● **Your assignment**:
Find the line in the entries below that contains "紅龍魚用黃燈烤有用嗎 魚缸溢流槽設計圖片的設計圖片,魚缸溢流槽的設計圖片:魚缸溢流槽的優缺點 魚缸百科". Repeat it exactly, and every line after it through the line that contains "Haematopota".

(Input begins)

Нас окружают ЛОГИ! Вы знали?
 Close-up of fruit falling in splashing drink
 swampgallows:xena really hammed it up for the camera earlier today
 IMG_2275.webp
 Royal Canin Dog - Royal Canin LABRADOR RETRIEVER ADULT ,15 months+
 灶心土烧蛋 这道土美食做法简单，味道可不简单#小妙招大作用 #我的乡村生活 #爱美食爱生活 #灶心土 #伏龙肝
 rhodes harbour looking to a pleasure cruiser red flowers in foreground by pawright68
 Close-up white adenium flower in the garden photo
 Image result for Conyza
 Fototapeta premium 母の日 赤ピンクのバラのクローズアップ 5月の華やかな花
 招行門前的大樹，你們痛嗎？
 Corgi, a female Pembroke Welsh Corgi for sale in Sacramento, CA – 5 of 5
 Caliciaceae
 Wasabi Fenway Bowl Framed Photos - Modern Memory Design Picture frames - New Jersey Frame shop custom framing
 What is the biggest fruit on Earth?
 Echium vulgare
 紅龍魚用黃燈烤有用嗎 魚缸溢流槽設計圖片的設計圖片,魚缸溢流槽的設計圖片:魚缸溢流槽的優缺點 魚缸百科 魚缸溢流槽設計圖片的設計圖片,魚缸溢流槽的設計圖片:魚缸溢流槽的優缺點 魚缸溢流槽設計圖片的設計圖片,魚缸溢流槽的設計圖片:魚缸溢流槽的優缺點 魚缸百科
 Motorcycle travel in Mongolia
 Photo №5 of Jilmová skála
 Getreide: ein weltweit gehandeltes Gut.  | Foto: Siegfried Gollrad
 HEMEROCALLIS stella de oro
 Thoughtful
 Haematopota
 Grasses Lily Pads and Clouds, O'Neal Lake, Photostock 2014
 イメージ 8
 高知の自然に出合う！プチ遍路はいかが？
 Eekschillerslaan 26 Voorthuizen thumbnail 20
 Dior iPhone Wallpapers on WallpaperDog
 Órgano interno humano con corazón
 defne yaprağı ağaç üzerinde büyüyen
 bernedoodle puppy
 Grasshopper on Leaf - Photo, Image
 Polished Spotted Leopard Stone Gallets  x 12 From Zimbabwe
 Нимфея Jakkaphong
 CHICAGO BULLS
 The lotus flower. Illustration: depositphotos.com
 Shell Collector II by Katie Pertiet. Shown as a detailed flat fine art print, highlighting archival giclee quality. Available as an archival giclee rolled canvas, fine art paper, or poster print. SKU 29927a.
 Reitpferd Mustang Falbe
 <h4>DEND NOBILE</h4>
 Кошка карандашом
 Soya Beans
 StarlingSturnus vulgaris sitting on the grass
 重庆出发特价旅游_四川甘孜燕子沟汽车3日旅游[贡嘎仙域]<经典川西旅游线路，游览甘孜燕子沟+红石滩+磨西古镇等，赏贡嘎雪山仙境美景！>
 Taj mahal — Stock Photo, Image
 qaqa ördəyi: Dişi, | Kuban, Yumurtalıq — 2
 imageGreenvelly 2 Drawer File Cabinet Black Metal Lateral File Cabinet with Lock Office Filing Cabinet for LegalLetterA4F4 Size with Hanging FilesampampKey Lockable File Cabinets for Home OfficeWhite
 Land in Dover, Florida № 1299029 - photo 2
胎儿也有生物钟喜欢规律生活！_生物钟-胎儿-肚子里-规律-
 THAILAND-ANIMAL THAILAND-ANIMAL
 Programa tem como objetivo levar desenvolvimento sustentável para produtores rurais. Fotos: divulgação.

(Input ends)

● **Expected output**:
 紅龍魚用黃燈烤有用嗎 魚缸溢流槽設計圖片的設計圖片,魚缸溢流槽的設計圖片:魚缸溢流槽的優缺點 魚缸百科 魚缸溢流槽設計圖片的設計圖片,魚缸溢流槽的設計圖片:魚缸溢流槽的優缺點 魚缸溢流槽設計圖片的設計圖片,魚缸溢流槽的設計圖片:魚缸溢流槽的優缺點 魚缸百科
 Motorcycle travel in Mongolia
 Photo №5 of Jilmová skála
 Getreide: ein weltweit gehandeltes Gut.  | Foto: Siegfried Gollrad
 HEMEROCALLIS stella de oro
 Thoughtful
 Haematopota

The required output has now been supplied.